The Report noted that the original housekeeping statute, enacted in 1789, was enacted "to help General Washington get his administration underway by spelling out the authority for executive officials to set up offices and file Government documents." Id. at 3352. The statute was apparently first used to deny information to the public in 1877, when a California newspaperman sought politically sensitive files from the Hayes Administration. Id. Over the years, executive officers "gradually moved in" and the housekeeping statute became a "convenient blanket to hide anything Congress may have neglected or refused to include under specific secrecy laws." Id. at 3353. According to the House Report, the purpose of the 1958 amendment was to "correct that situation." Id.

In Chrysler Corp. v. Brown, 441 U.S. at 310, 99 S.Ct. at 1722, the Supreme Court acknowledged that Sec. 301 did not provide "substantive rules" regulating disclosure of government information. The Court held that the statute is simply "a 'housekeeping statute,' authorizing what the APA terms 'rules of agency organization, procedure or practice' as opposed to 'substantive rules.' " Id. The Court noted that nothing in Sec. 301's legislative history indicated that Congress intended the statute to be a grant of authority to withhold information from the public. Id.
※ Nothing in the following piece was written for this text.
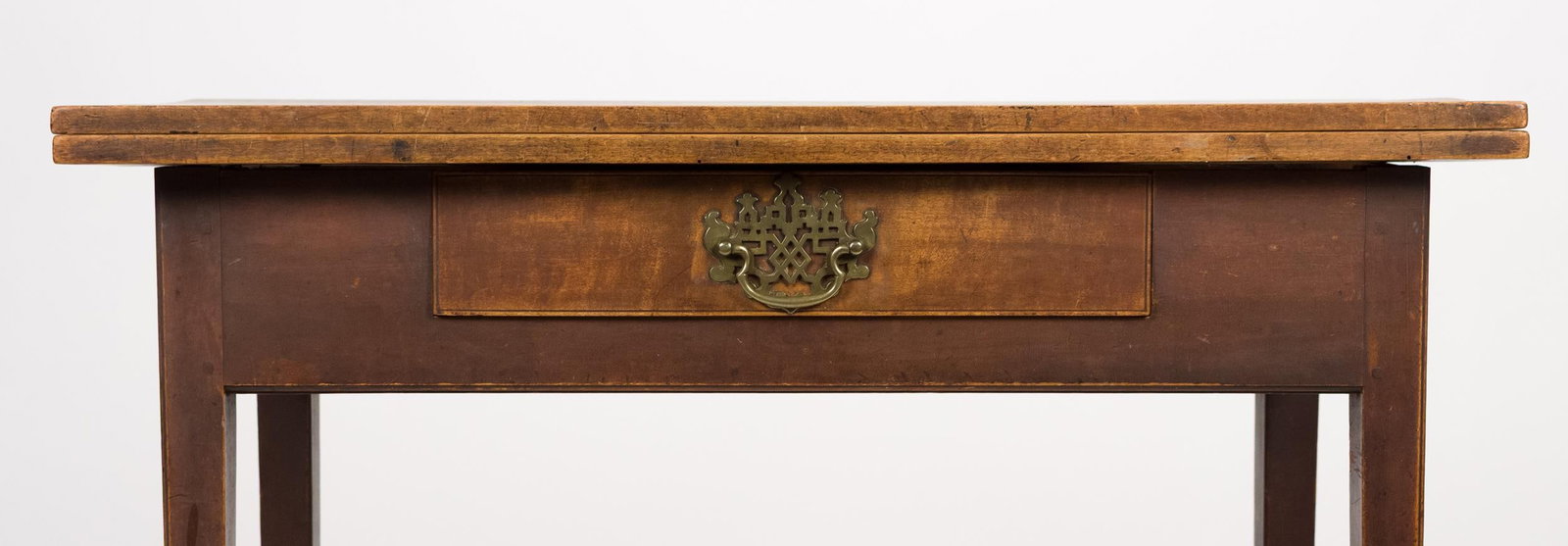 CHIPPENDALE NH CHERRY GAMES TABLE. - 8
Subsequent judicial decisions interpreting Sec. 301 have noted that the 1958 amendment explicitly sought to eliminate any perception that the section created an executive privilege. Harvey Aluminum v. NLRB, 335 F.2d 749, 755 (9th Cir.1964); NLRB v. Capitol Fish Co., 294 F.2d 868, 875 (5th Cir.1961). 5

The government also argues that Sec. 301 authorizes it to instruct its employees not to testify in judicial proceedings because Sec. 301 grants it authority to control "the conduct of its employees." However, we have already held that in interpreting Sec. 301, we will not distinguish between subpoenas seeking testimony and documentary evidence. In re Recalcitrant Witness Boeh, 25 F.3d at 766 (holding that Touhy applies in cases involving a subpoena ad testificandum ). "There is no difference ... between the power of an agency head to specify what records a subordinate may release and the power to specify what information a subordinate may release through testimony." Id. Furthermore, the 1958 amendment's legislative history supports the argument that Congress intended the statute to cover government employees who are subpoenaed to testify. See H.R.Rep. No. 1461 at 2.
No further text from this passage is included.